Nissan's automated conveyor system Christopher Furlong/Getty Images

Racing the Machine

Economists have always believed that previous waves of job destruction led to an equilibrium between supply and demand in the labor market at a higher level of both employment and earnings. But if robots can actually replace, not just displace, humans, it is hard to see an equilibrium point until the human race itself becomes redundant.

LONDON – Dispelling anxiety about robots has become a major preoccupation of business apologetics. The commonsense – and far from foolish – view is that the more jobs are automated, the fewer there will be for humans to perform. The headline example is the driverless car. If cars can drive themselves, what will happen to chauffeurs, taxi drivers, and so on?

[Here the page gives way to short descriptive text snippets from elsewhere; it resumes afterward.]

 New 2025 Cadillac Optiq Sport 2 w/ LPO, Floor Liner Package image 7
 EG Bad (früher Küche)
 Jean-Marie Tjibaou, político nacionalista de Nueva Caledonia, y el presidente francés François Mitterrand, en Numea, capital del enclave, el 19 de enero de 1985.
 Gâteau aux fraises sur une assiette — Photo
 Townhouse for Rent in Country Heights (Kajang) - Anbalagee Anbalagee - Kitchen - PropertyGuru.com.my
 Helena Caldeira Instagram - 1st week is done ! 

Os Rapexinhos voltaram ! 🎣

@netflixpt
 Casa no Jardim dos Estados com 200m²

Economic theory tells us that our worries are groundless. Attaching machines to workers increases their output for each hour they work. They then have an enviable choice: work less for the same wage as before, or work the same number of hours for more pay. And as the cost of existing goods falls, consumers will have more money to spend on more of the same goods or different ones. Either way, there is no reason to expect a net loss of human jobs – or anything but continual improvements in living standards.

History suggests as much. For the last 200 years or so, productivity has been steadily rising, especially in the West. The people who live in the West have chosen both more leisure and higher income. Hours of work in rich countries have halved since 1870, while real per capita income has risen by a factor of five.